Resmen “rol çalıyor” Fenerbahçe!.. Bir kulübün bir futbolcuyla sorunları, havan topuyla dövülen ülke toprağının önüne geçer mi?
Geçiyor işte.
Alex’in basın toplantısı mı, haklarını arayan binlerce Alevi’nin yürüyüşü mü?
“Alex”.
Doğalgaza, elektriğe zam mı yapıldı?
“Alex”.
Alex’in anlattığına göre “dememiş”, ama Sayın Başbakan “Aman gitme” dese haksız mı Alex’e?
O zaman...
“İyi haberler” olmalı sarı lacivert cenahtan. Olmalı ki, bir de onu dert etmeyelim. Esas dertlerimize dönelim.
Oldu nitekim! Mönchengladbach galibiyeti ile Beşiktaş; dünya varmış be arkadaş!
Açıkçası Fenerbahçe “nefes aldığında” memleket “oh” diyor!.. Bu ülkeye bir de “Fenerbahçe problemi” fazla geliyor.
Neyse; çoğu gitti azı kaldı.
Alex bir uçağa binse!..
Lakin alışmışız strese... Eşeleyeceğiz, aranacağız.
Mesela “Alex varken, Fenerbahçeli futbolcular neden böyle oynamıyorlardı”?
İki yanıtı var:
Birincisi, kumpas kurmuşlar. Aslında suikast yapacaklardı Alex’e, gerek kalmadı.

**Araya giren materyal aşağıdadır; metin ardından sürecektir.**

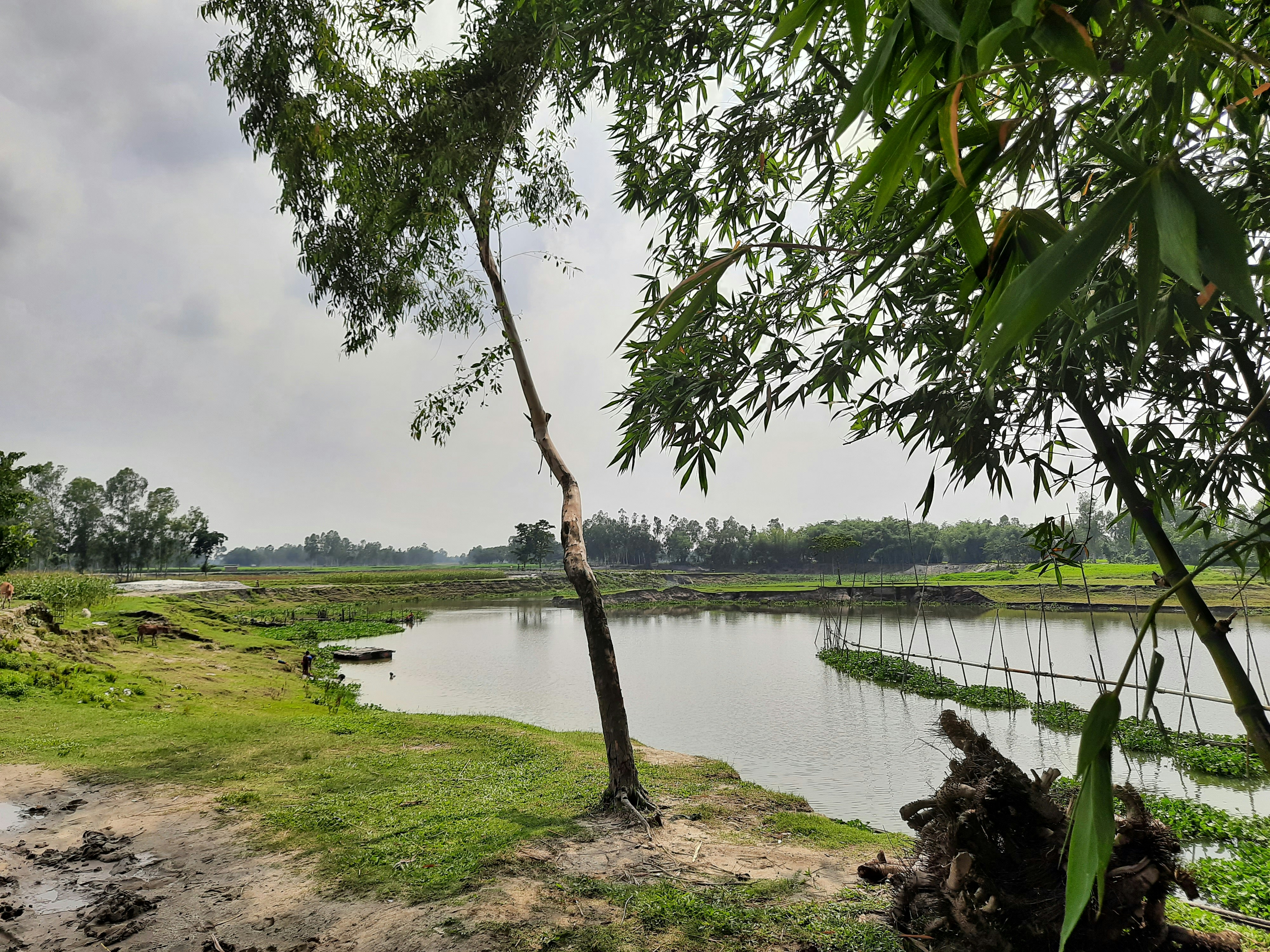 Photo by toukirahmed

İkincisi ve doğrusu, Aykut Kocaman haklıymış... Alex’siz Fenerbahçe daha verimli bir bahçe.
Yoksa “Azizsilin” mi devreye girmiş?
Yahu Azizsilin ne ki?..
Dr. Frankenştayn gibi kesip biçip tekrar dikiyor yıllardır Aziz Yıldırım.
Bir gün içinde takımın yıldızını kovmuş ve geri almış mesela.

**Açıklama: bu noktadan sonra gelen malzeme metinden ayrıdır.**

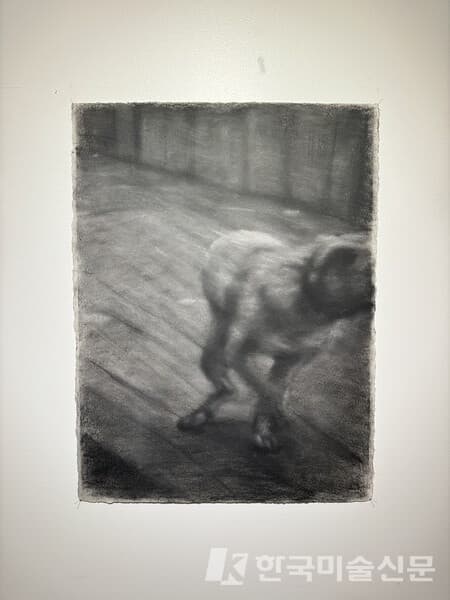용선, 추락, 2024, 종이에 목탄, 파스텔, 76 x 57 cm&nbsp;(사진=이소이 기자)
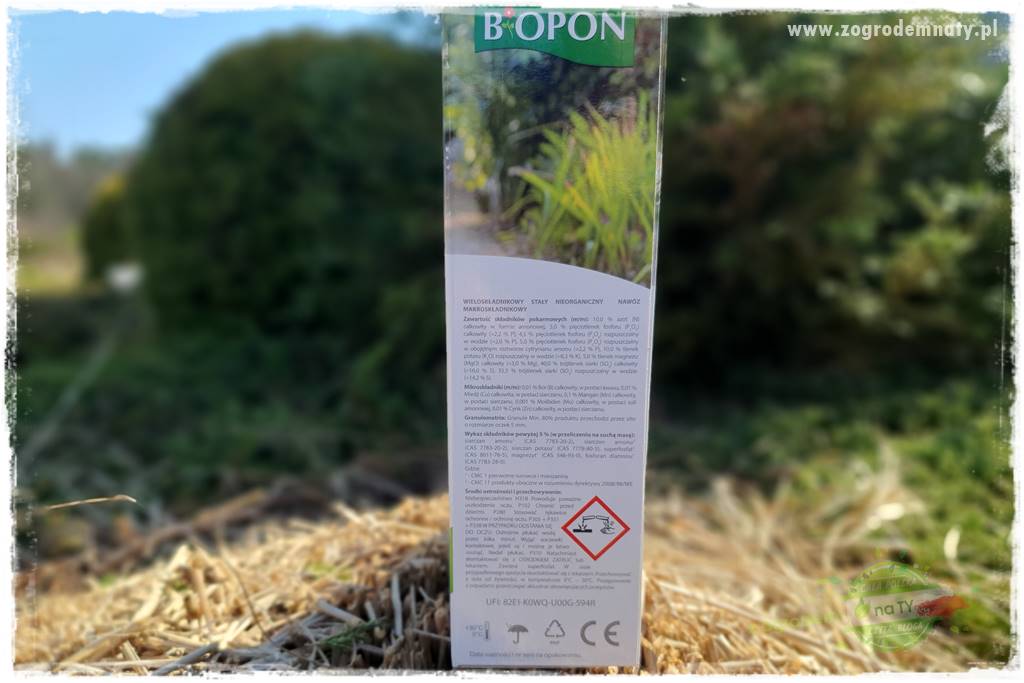 piękne trawy ozdobne 33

Hep antrenmanda, soyunma odasında.
Hatta ailece oradalar. Kardeşiyle birlikte.
Dün de yapıyordu, bugün de yapıyor, yarın yine yapacaklar.
Azizsilin işe yarasa, Alex’li Fenerbahçe’ye de iyi gelirdi değil mi?
Peki, ilk 18’e bile giremeyen Baroni, eski hali mumla aranan Gökhan ne oldu da düzeldi?..
Almanya’dan cuma sabahı dönen takım, pazar günü Beşiktaş karşısında “yorgunluk” bahanesine sığınmayı bir yana koyun, nasıl oldu da koşu ve pas rekorları kırdı?
Çok basit...
Gönderirken tamponuna teneke bağlanan Alex’in durumu futbolcularda “Bir gün bu vefasızlık bizim de başımıza gelecek” duygusu yarattı tabi... Ama uzun vadede.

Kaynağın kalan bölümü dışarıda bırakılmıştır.